IPv6 and Matter

Matter uses IPv6 for its operational communications, and leverages on both IPv6 Unicast and Multicast addressing for accessing its Nodes and Groups, respectively

 

A fundamental aspect of Matter is that it works both on high-throughput network mediums such as Wi-Fi and Ethernet, but also on low-latency, low-bandwidth, such as Thread. If all Multicast packets from Wi-Fi are bridged into Thread we'd be burdening the network, and potentially flooding it. Thread's goal is to enable IPv6 in low-power, low-latency mesh networking, not high-bandwidth data transfer. While Thread's ICMPv6 pings in a local network are typically under few tens of milliseconds RTT, its total bandwidth is limited to 250 kbps at the IEEE 802.15.4 PHY. With packet retransmissions and overhead, the typical max bandwidth is around 125 kbps. In other words, orders of magnitude less than Wi-Fi.

 

Frames on the IEEE 802.15.4 PHY are 127 bytes, but the largest (and typical) maximum transmission unit (MTU) of IPv6 packets in Thread is 1280 bytes. Thus IPv6 packets often need to be split into several PHY frames. This process is defined by RFC4944.

 

Group messages are also important as they allow simultaneous control of several Matter Nodes through Multicast.

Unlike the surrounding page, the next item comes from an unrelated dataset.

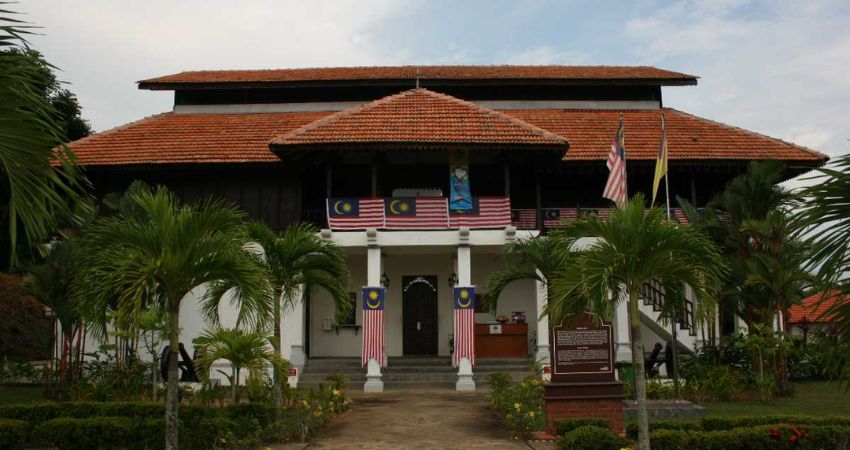 Pháo đài và Bảo tàng Lukut - cẩm nang du lịch Port Dickson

In order to route this traffic into the Thread network, both Matter and Thread implement the Unicast Prefix-based IPv6 Multicast Addressing Scheme defined by the RFC 3306.

 

This method allows the selection of the destination Nodes of a Multicast packet based on their shared IPv6 Unicast prefix.

 

For example, a Matter Multicast address might look like this:

 

FF35:0040:FD<Fabric ID>00:<Group ID>

Table 1 details how this address is constructed:

Bits	Description
12 bits	0xFF3
4 bits	0x05
Scope: site-local

8 bits	0x00
reserved

8 bits	0x40
Indicates a 64-bit long prefix

8 bits	0xFD
Designates a ULA prefix

56 bits	Fabric ID
8-bits	0x00
16-bits	Group ID